PwC’s new analysis shows that demand for climate technology has grown rapidly across venture capital markets. In total, $16.3bn was invested into climate tech across data, carbon capture and storage (CCS), the built environment, industrial process, agriculture, transport and energy in 2019.
While climate tech still only accounts for 6% of the venture capital market, it’s representation has grown by more than 3750% in absolute terms since 2013. In fact, growth in climate tech has surpassed growth in Artificial Intelligence investment. However, levels of investment into climate tech are actually down on 2018 levels.
According to the analysis, the growth has been driven by corporate requirements to meet net-zero commitments and investors ramping up interest and investments into low-carbon markets.
“Investor participation in climate tech is fundamentally different to the noughties clean tech era. Climate tech funding seems to be coming from every corner of the market,” Dr. Celine Herweijer global leader, innovation and sustainability at PwC UK said.

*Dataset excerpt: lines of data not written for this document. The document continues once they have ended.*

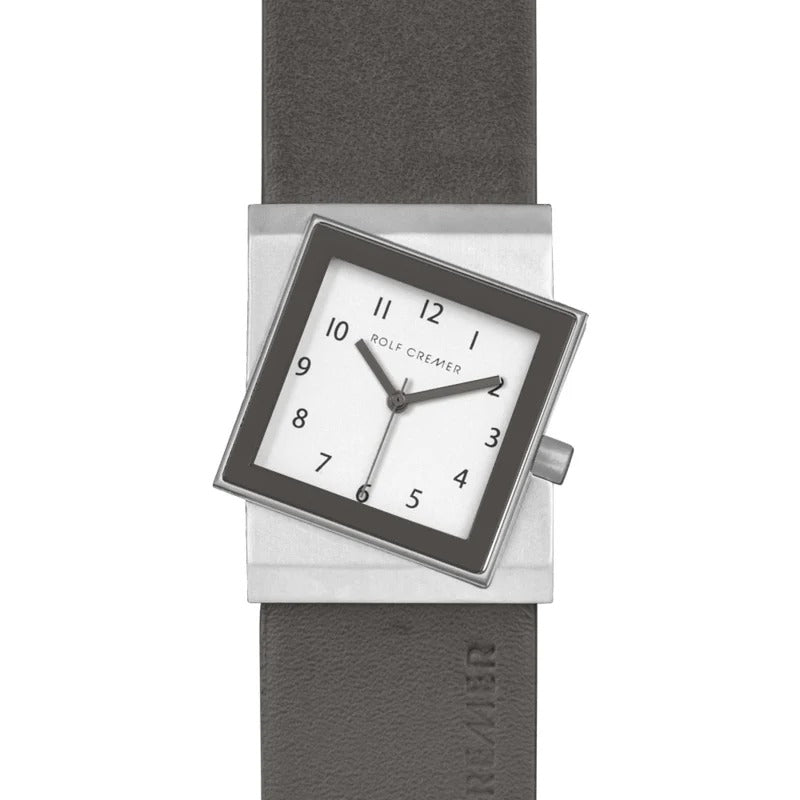 Orologio quadrato Rolf Cremer con cassa argentata, quadrante bianco e cinturino in pelle grigia.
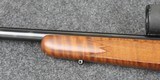 J.G. Anschutz Model 1710 in caliber 22 Long Rifle with a Tiger Stripe stock. - 6 of 8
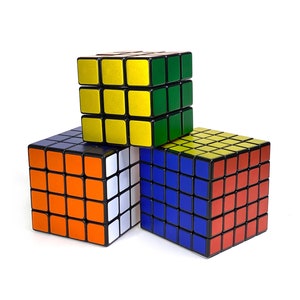 May include: Three Rubik's Cubes, one yellow and green, one orange and white, and one blue and red.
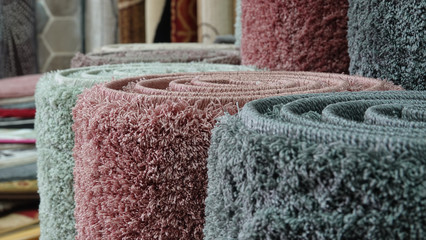 Carpets variety selection rolled up long rugs shop store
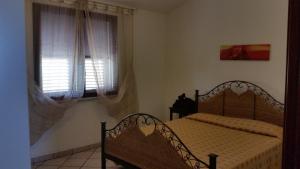 Ένα ή περισσότερα κρεβάτια σε δωμάτιο στο casa Angy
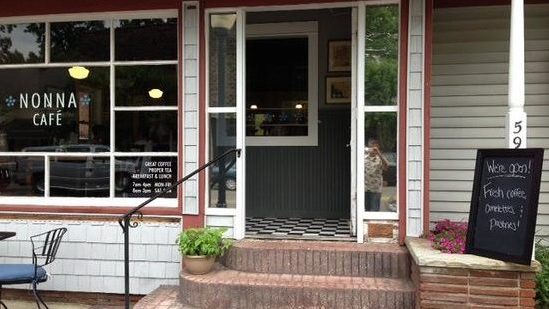 The storefront of Nonna's Cafe. There is an open door with the view of black and white checkered flooring, leading out to three brick steps and outdoor seating.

“More traditional venture capital firms are today at the table, growth stage investors including government backed asset managers and Private Equity players are getting involved in earlier stage deals to get exposure, and corporate players from oil majors and global consumer goods companies to Big Tech are playing important roles as strategic investors to scale approaches.”
Corporate innovation
PwC attributes part of the growth to the 300 companies that had committed to net-zero commitments at the time of writing the report – including PwC. In addition, many companies have set up large-scale investment funds to trial and commercialise low-carbon innovations.
Last week, for example, Amazon announced the first beneficiaries of its $2bn Climate Pledge Fund, with organisations developing carbon removal technologies, nature-based carbon markets and electric vehicle (EV) innovations set to benefit.
Elsewhere, Microsoft has launched a $1bn climate innovation fund, using its own capital, to help develop carbon reduction and removal technologies. The tech giant plans to reduce its carbon impact to below net-zero by 2030, with an additional goal of removing carbon from the atmosphere that the company has emitted since it was founded in 1975.
Consumer goods giant Unilever has also unveiled a new set of sustainability commitments, pledging to end its contribution to deforestation, promote regenerative agriculture, transition to biodegradable ingredients and reach net-zero emissions for products by 2039 – all supported by a new €1bn Climate and Nature fund.
Fortunately, the net-zero transition can be delivered without placing an economic burden on society. By scaling up energy efficiency efforts and deploying renewable energy generation capacity far more rapidly, the world could “technically and economically” transition to net-zero by 2050 for the cost of less than 1% of global GDP annually through to mid-century.
That is the key conclusion of a report from the Energy Transitions Commission (ETC), backed by 40 leaders from major energy companies, finance giants, high-emitting sectors like steel and transport and bodies such as the World Resources Institute (WRI). Corporate backers include the likes of ArcelorMittal, Shell, Tata Group and Volvo.
“The bottom line is that demand for climate tech is only going to accelerate,” the PwC report adds. “With global corporations, investors, and governments pledging to transition to net zero value chains, portfolios and jurisdictions, they are all betting on climate technology breakthroughs to be found, scaled and to transform industries and society. Demand is not yet at a stampede but the market is heating up and it’s time for all stakeholders to help back the innovations the world really needs.”